Q I love running but two years ago my motivation started to slip and I was diagnosed with clinical depression. I am recovering well, and would like to start running again. My therapist says the same amount of activity every day will help stabilise my mood. As I shouldn’t run every day at least to start with how can I maintain this important balance of activity and rest every day?
A To successfully return to running, recognise that your fitness will have dropped. Ward off any negative thoughts by being realistic and positive about how long it will take to get back to your previous condition. Keep the amount of activity you do consistent day-to-day by coming up with a couple of alternatives to running. You could run for 30 minutes on day one, walk for 30 minutes on day two and stretch for 30 minutes on day three. Try to do the activity at the same time every day: you’re more likely to stick with it.
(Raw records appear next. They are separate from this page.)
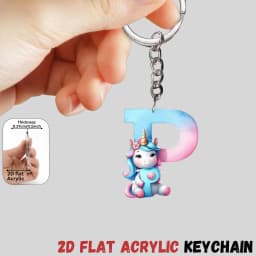 2D Flat A-Z Alphabet Animal Keychain, Colorful Acrylic Charms with Durable Iron Chain, Educational Christmas Gift for Backpack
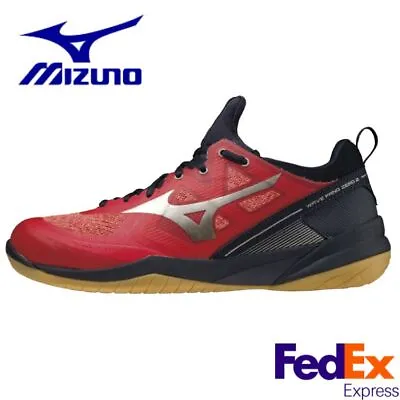 Mizuno Badminton Shoes WAVE FANG ZERO 2 Red/Gold/Navy 71GA2190 50 Unisex FEDEX • $132.50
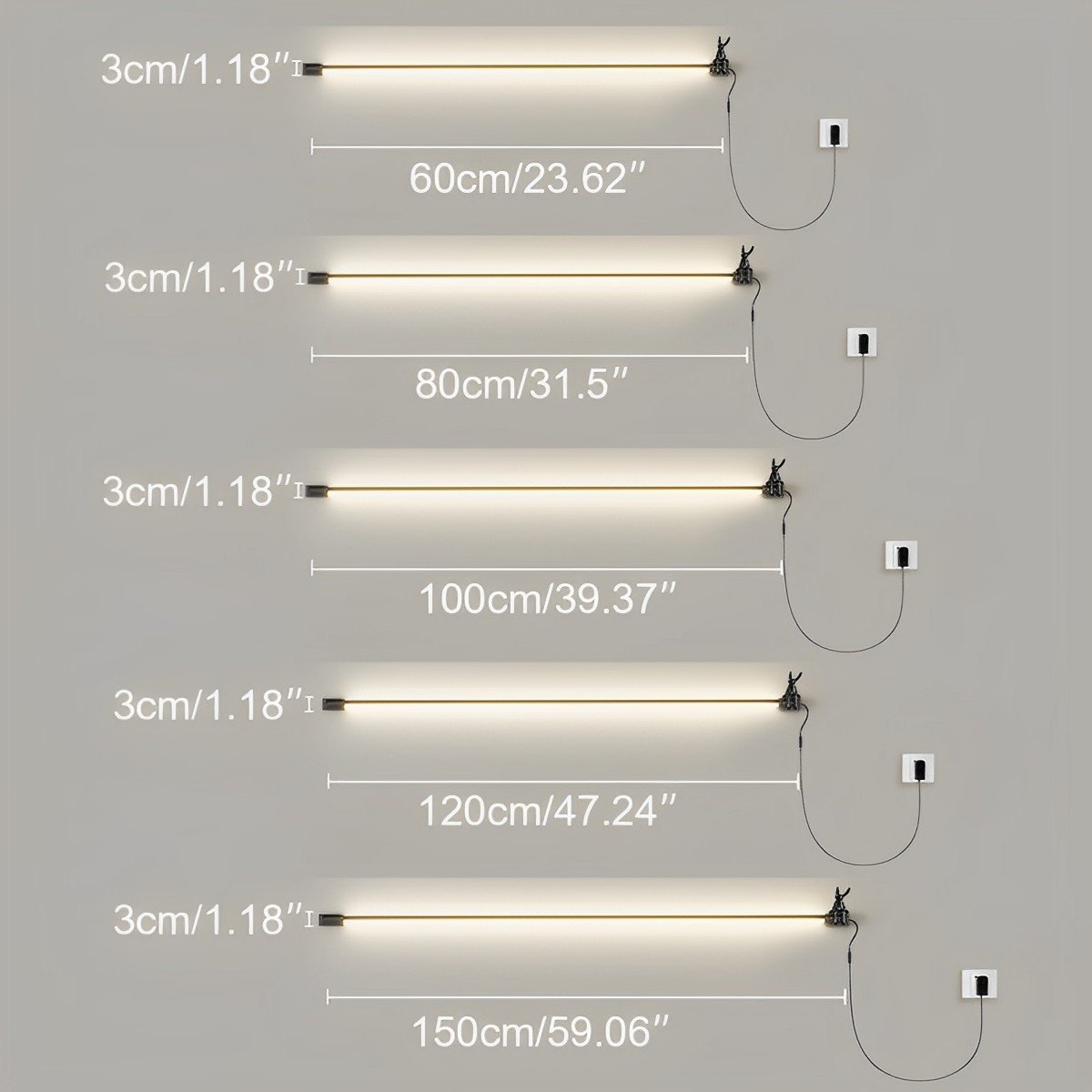 360° Rotatable Modern Minimalist Plug-in LED Long Strip Lights Wall Light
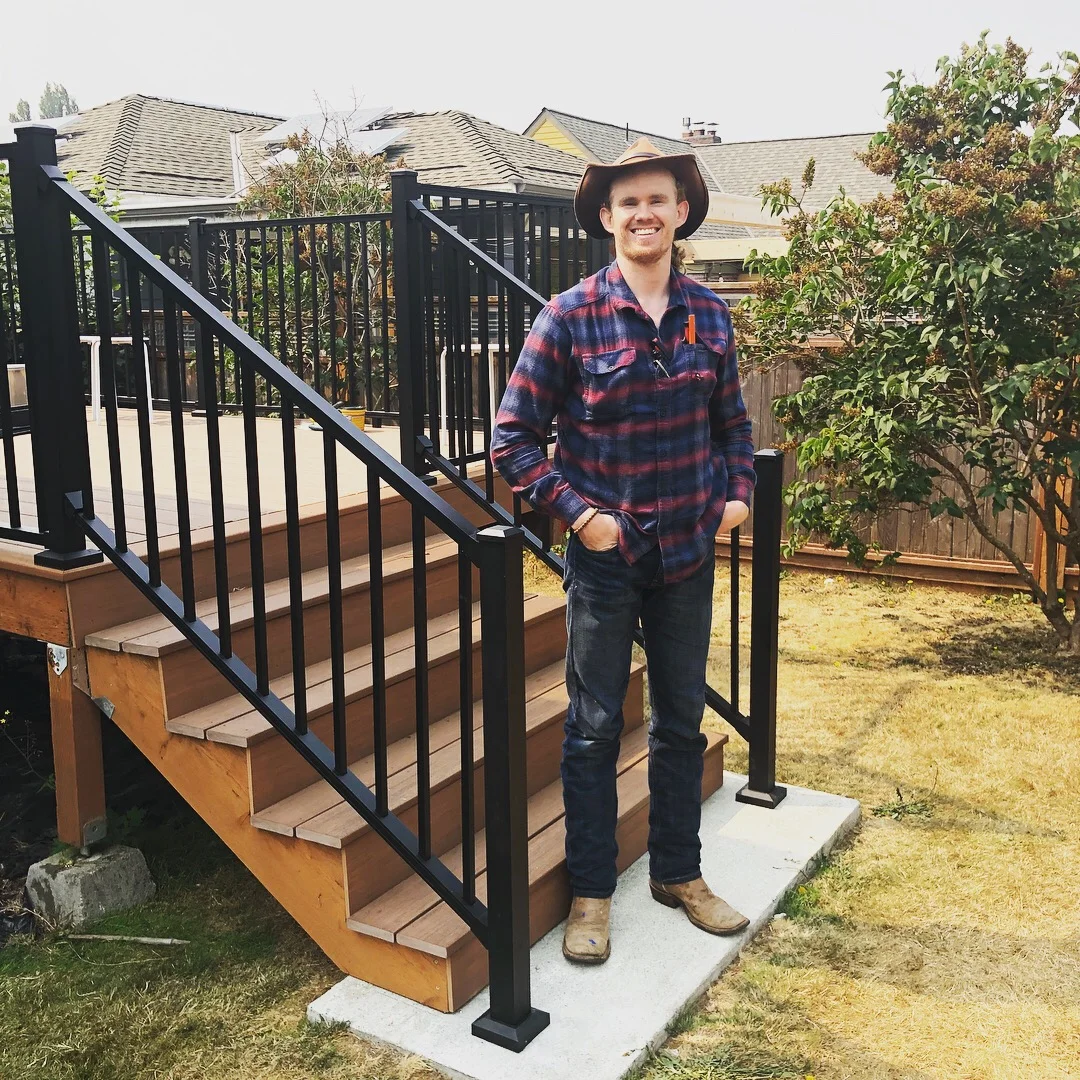 Outdoor Trex railing installation 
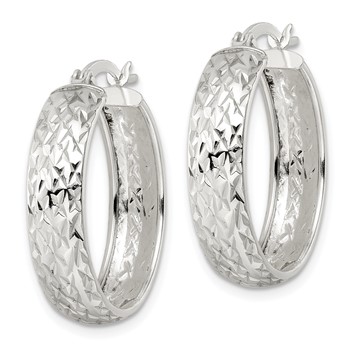 Sterling Silver Diamond-cut 6x25mm Hoop Earrings — alternate view
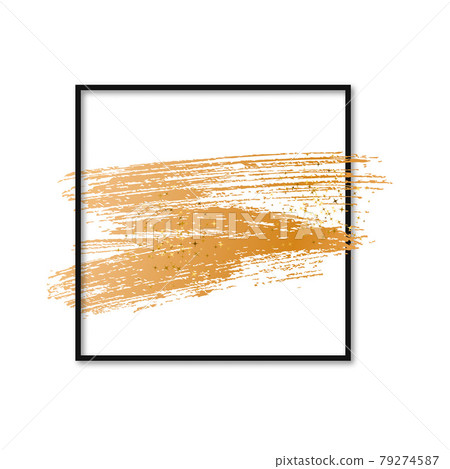 Strokes of Gold Acrylic Paint Isolated on White Stock Illustration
Run in a pleasant environment and focus on enjoying what you see and hear and not on your times or heart rate. The run will be stimulating and you’ll feel a sense of achievement when you finish because you will have done something for yourself. Only increase the time you spend running and the number of days you run after consulting your therapist you don’t want to overdo it, or risk an injury, because coping with setbacks will be more of a challenge if you are depressed.
Recognise your improvements. Keep your goals modest. Reward yourself for just going out and running and sticking to your new fitness routine. This will help you have a successful reintroduction to running, minimise injury risk, and provide you with a greater sense of enjoyment.